The point is here, and that's I think what your comment is getting at, that for higher category valued sheaves it makes a difference whether we test their descent just on the plain Cech nerves of the covering families, or n-fold hypercovers of these, where we allow new covers of the space of intersections on the previous covers.
A bit on this we have labified at hypercompletion.
But as far as your terminology issue goes: since, as we noted there are many different things one can and does denoted by or any of its variants, there is little chance to find a universal choice. The best is to say at top of each text which convention is used. Or, for emphasis, as I do here and there, one can write things like or similar decorated notation to indicate what kind of sheaves one means.
Are all of the (infinity,1)-toposes equivalent in any way? Also, has no work been done on defining an (infinity,1) sieve? Descent by looking at the 0th cech cohomology sets in a classical grothendieck pretopology is probably the worst, least canonical way that requires the most choices. In contrast with that, for sieves, the definition is slightly harder, but it's easier if you understand the yoneda lemma. Is there any reason why a naive categorification of a system of covering sieves won't work? I mean, all we need is (infinity,1)-subfunctors of representables and an appropriate yoneda lemma. If you remember, we have that shiny new (infinity,1)-yoneda lemma from mathoverflow. Maybe I'm just being too naive, but the concept of descent by sieves seems to be one that is readily categorifiable without any real work.

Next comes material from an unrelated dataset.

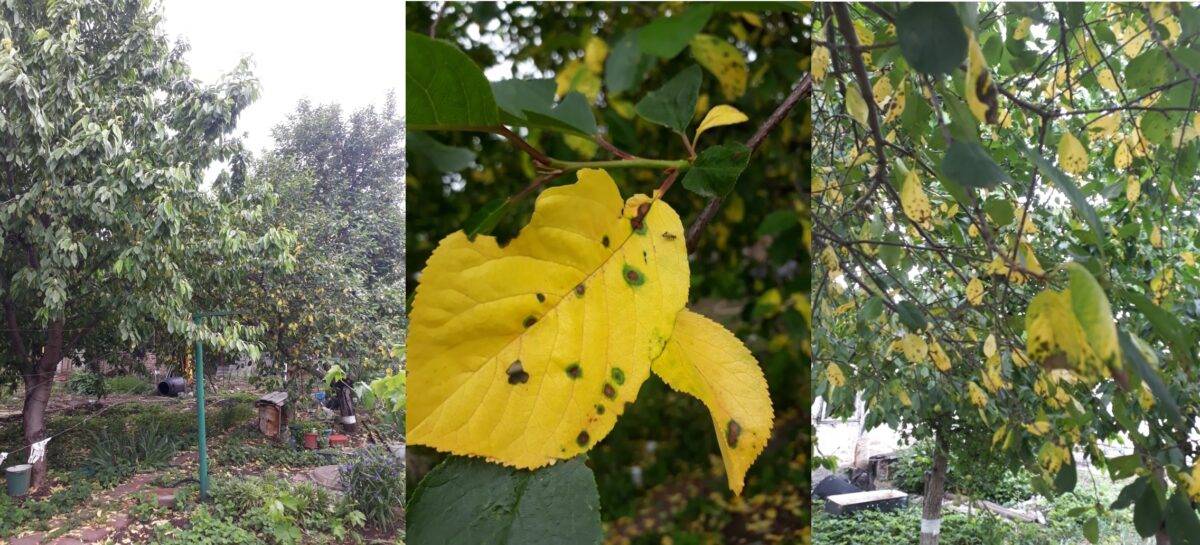 Почему желтеют листья у яблони: причины, что делать и чем лечить, профилактика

Also, the pluralizing topos as toposes is fine, right?
Are all of the (infinity,1)-toposes equivalent in any way?
No, they are quite inequivalent. In HTT somewhere in chapter 6 there is a long discussion (over six pages or so) why for instance the Cech-cover descent oo-topos are better behaved than their hypercompletions to hyper-cover descent oo-topos. The latter are what is modeled by the Joyal-Jardine model structure on simplicial presheaves. The former is modeled by the left Bousfield localization of simplicial presheaves just at Cech covers.

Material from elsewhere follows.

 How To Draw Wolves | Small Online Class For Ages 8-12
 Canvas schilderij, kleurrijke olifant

These are the two sort of obvious different flavors of oo-stack oo-toposes. But, as discussed in HTT in the section on n-toposes and n-truncated objects, also an n-topos of n-stacks is still an example for an oo-topos on the given site.
So there is a whole infinite (I think) series, at least, of different non-equivalent oo-toposes all associated to one site.
Of course they are not unrelated. Each here is a geometric localizations of the previous one, so you can think of this as a big chain of reflective sub-oo-categories, all sitting in the Cech-local version wich itself of course sits in the oo-presheaves.
has no work been done on defining an (infinity,1) sieve?
I think not. Hm, let me check again in HTT where it's about sieves. Maybe I am misrepresenting it. Search the document for "sieve". But I think, for instance in Structured Spaces, topologies are alsways defined on the homotopy 1-category.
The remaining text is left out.